Extra Extra- 4 Pitches-5.9-**/ Just to the right of the End of an Era crack are a couple of cool flake features. Climb through those and continue to a fixed rap at 100’ and continue up slab to the 2nd fixed anchor for a 200’ pitch with about 15 clips.  The 3rd pitch is nothing special, but leads to another fixed rap at 100’.  The guidebook mentions a 4th pitch, but it is mostly just 4th class to a set of rap rings that some use to descend the wall from the top.  Never really felt any 5.9 movement.  The crux is a short slab section on the 2nd 100’.  Dow

Read All About It- 100’-5.8**/ Nothing stood out on this fully bolted pitch just to the right of Extra Extra.  Dow

Lead Story- 3 Pitches- 5.8+**/ This was a cool route with several flakes to jug/pull over.  You can easily lead this route in one pitch.  You can place some gear in these flakes to supplement the bolts if you desire, 4 bolts through the first 100’ and then 5.4 plate climbing up and left and back right to a shared anchor.  You can sling a few features with slings if necessary.   This is yet another route where a 3rd pitch is mentioned to the top at 5.2, but not really.  The upper wall at the north end is mostly just 4th class.  Dow

Scared, Tired Old Man- 2 Pitches -5.8+**/ You can lead this route in one pitch with a 70m rope.
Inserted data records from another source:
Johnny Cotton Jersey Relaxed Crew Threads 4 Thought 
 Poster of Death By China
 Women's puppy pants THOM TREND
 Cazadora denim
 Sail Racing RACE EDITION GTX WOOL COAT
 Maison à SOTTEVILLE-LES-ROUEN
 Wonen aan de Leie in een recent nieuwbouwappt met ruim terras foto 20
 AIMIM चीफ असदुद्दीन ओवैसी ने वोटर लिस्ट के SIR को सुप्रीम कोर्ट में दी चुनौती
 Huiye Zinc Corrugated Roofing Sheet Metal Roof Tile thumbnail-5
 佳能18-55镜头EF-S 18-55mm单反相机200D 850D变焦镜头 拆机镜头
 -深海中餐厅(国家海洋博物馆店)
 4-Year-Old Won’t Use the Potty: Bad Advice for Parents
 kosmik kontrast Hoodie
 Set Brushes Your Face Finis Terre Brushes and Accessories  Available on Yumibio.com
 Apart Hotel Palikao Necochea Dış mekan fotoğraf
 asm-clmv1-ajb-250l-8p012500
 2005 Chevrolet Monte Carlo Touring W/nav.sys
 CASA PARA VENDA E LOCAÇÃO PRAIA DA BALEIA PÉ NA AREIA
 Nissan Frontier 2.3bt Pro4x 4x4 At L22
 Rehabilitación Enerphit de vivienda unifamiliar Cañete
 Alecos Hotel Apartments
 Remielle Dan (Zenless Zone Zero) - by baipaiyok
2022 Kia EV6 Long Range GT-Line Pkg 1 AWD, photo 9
I liked Scared more than the previous two routes, it offered several features and the movement seemed a bit more thoughtful or sustained.  You can supplement the bolts on pitch one if you would prefer, otherwise about 15 clips through a fixed rap and to a 2nd one.  Dow

Luisa’s Line- 135’-5.8*/ 13 clips to a fixed rap.  You have many options to use for a 2nd rap.  If you have a 70m rope, a competent climber can downclimb the last few meters just making one rap.  Not overly memorable but worth doing as you move down the line.  Dow

Masthead- 2 Pitches -5.9+*/ Despite only receiving one star in the local guide when most of its neighbors somehow receive two, this is the best route on the wall by far.  Good rock that again, with a 70m, can be led as one outstanding pitch at the grade through 18 clips.  Follow the hard to see bolts that are directly on a faint dike.  Cool dike moves lead up to a right leaning corner/roof.  Make the crux move on the entire wall by mantling the continuation of the dike, a balancey move at the grade.   Continue through a fixed rap and trend up and left climbing thoughtful face (edges and slab) through the remaining bolts to a fixed rap.  Again, many choices to reach the ground in two raps.  These lines are all close together at this end of the wall.   This route offers the most sustained movement on the wall.  Dow

Essential Gear

A 60m rope is fine unless you want to combine pitches as I have laid out, then a 70m is preferred.  Only route I climbed that appeared to need any gear is the 5.6 route named The End of an Era, the only route where a crack feature was not bolted over.  Routes face NE, get good morning sun in February.